_Your task_. The line with "Kufje me mikrofon" marks the first line to copy, and the line with "3D металлический S" marks the last. Transcribe that stretch of the data below exactly, without pictures.

_Materials provided_.
* * *

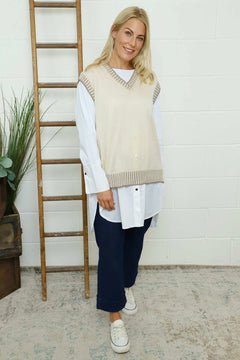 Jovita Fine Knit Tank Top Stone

* * *

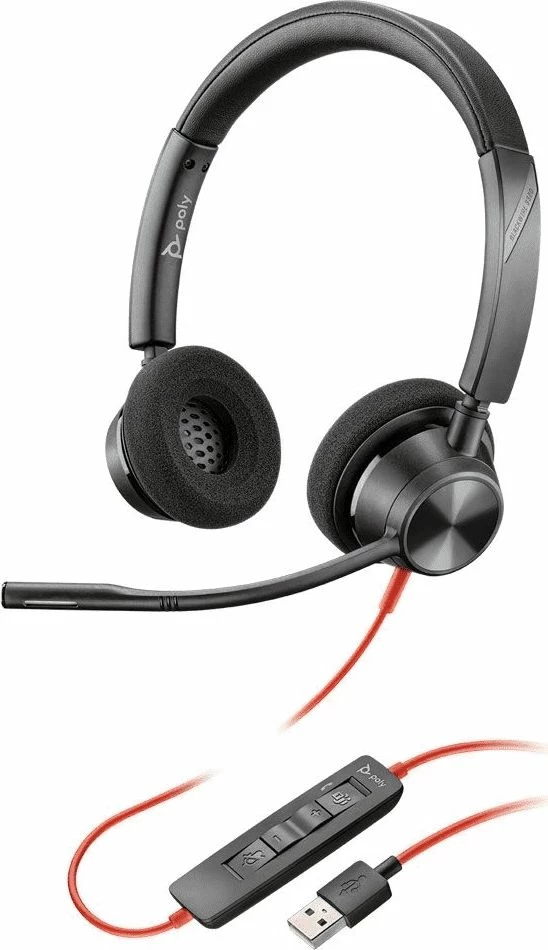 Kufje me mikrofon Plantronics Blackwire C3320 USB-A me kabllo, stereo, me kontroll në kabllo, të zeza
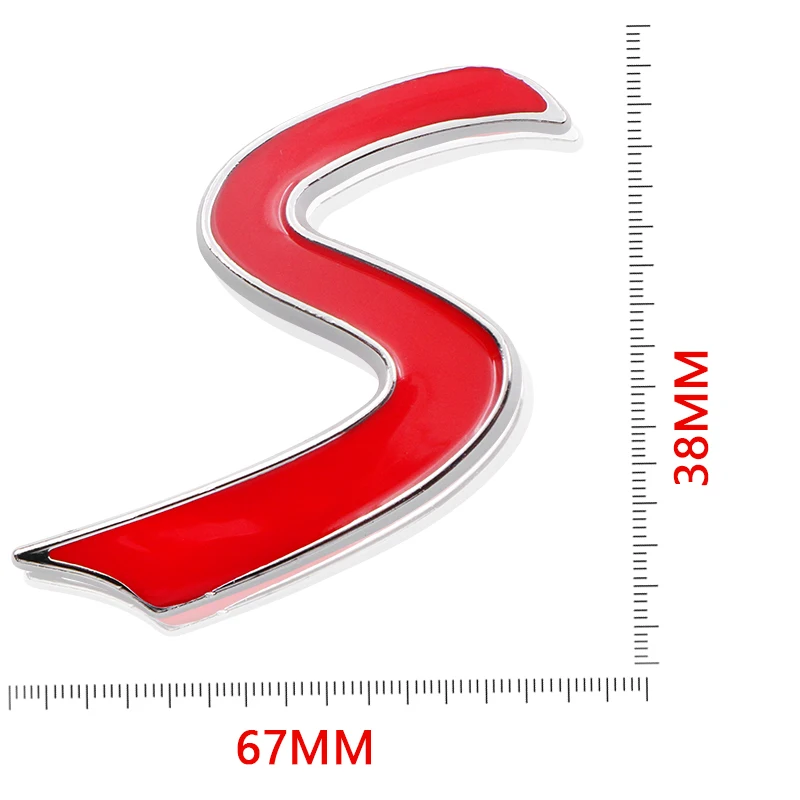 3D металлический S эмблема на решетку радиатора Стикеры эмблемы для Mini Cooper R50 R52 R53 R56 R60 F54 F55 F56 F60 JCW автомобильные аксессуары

* * *

_Exercise answer_.
 Kufje me mikrofon Plantronics Blackwire C3320 USB-A me kabllo, stereo, me kontroll në kabllo, të zeza
 3D металлический S эмблема на решетку радиатора Стикеры эмблемы для Mini Cooper R50 R52 R53 R56 R60 F54 F55 F56 F60 JCW автомобильные аксессуары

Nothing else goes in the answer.